La guerre commerciale que se livrent Amazon et Hachette aux Etats-Unis a franchi une nouvelle étape, mardi 8 juillet. Le géant de la distribution sur Internet a proposé aux auteurs publiant chez la filiale américaine de l'éditeur français de leur reverser la totalité des recettes des ventes de la version électronique de leurs livres. Amazon tente ainsi de mettre dans son camp les écrivains dans ce bras de fer entre les deux groupes qui dure depuis des mois.
Dans le cadre des traditionnelles négociations commerciales annuelles, Amazon essaye de faire pression sur Hachette pour obtenir de meilleures conditions tarifaires afin de dynamiser les ventes de livres électroniques. La brouille a éclaté au grand jour début mai, lorsque Hachette a commencé à se plaindre de l'allongement des délais de livraison, la disparition des précommandes et la suppression des réductions qui pouvaient être offertes sur certains titres. Des méthodes qui ont provoqué une avalanche de protestations des auteurs, qui, dans cette affaire, ont le sentiment d'être pris en otage.

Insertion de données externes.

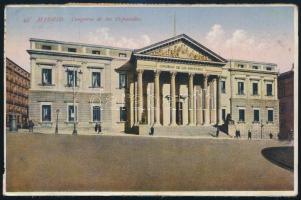 1929 Képeslap Spanyolországból a budapesti eszperantó kongresszus levélzárójával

Pour inverser le rapport de force, Amazon tente donc une nouvelle tactique en proposant de verser l'ensemble des recettes des livres électroniques aux auteurs. A cette condition, le distributeur s'engage à arrêter toutes ses pratiques qui nuisent à la vente des auteurs publiés par Hachette. Ce dernier s'est immédiatement opposé à la proposition qu'il qualifie de « suicide ». « Nous invitons Amazon à retirer les sanctions qu'il a unilatéralement imposées et nous allons continuer de négocier de bonne foi et avec l'espoir d'une conclusion rapide », indique l'éditeur.

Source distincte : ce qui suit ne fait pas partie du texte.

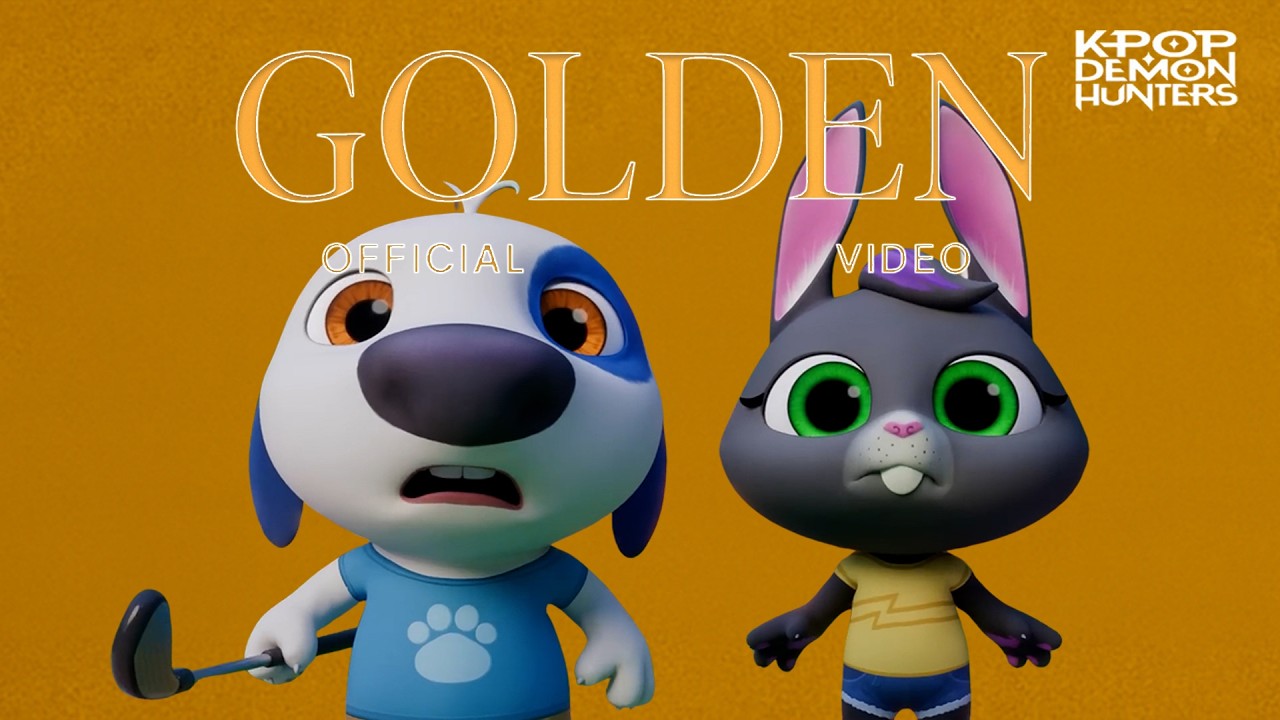 GOLDEN X My Talking Tom - Fun Made Every Turn Exciting 🎢(MUSIC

LES AUTEURS PAS CONVAINCUS
De son côté, Amazon accuse l'éditeur de vouloir mettre les auteurs au centre de la bataille pour faire pression sur lui. Mais pour le groupe de distribution, les enjeux ne sont pas les mêmes que pour Hachette. Renoncer à quelques milliers de livres électroniques n'aurait beaucoup d'impact pour un distributeur réalisant un chiffre d'affaires de 75 milliards de dollars (55,1 milliards d'euros). En revanche, le préjudice pour Hachette serait beaucoup plus important.
La manœuvre n'a visiblement pas séduit les auteurs. Roxana Robinson, la présidente de la Guilde des auteurs, l'association américaine de défense des intérêts des écrivains, a rejeté la proposition. « Si Amazon veut avoir une conversation constructive à ce sujet, nous sommes prêts à l'avoir à tout moment », affirme-t-elle dans un courriel envoyé au New York Times, tout en ayant le sentiment que la proposition d'Amazon est une « solution à court terme qui encourage les auteurs à prendre parti contre leurs éditeurs ». La semaine dernière, l'auteur de best-sellers Douglas Preston a vivement critiqué les méthodes d'Amazon au travers d'une lettre signée par plusieurs autres écrivains de renom.
Au-delà de cette guerre commerciale se joue l'avenir de la distribution du livre électronique. Amazon, qui détient 30 % du marché du livre aux Etats-Unis et même 60 % sur les versions numériques, prétend défendre l'intérêt du consommateur en voulant faire baisser les prix. Hachette, lui, affirme vouloir préserver les intérêts des auteurs.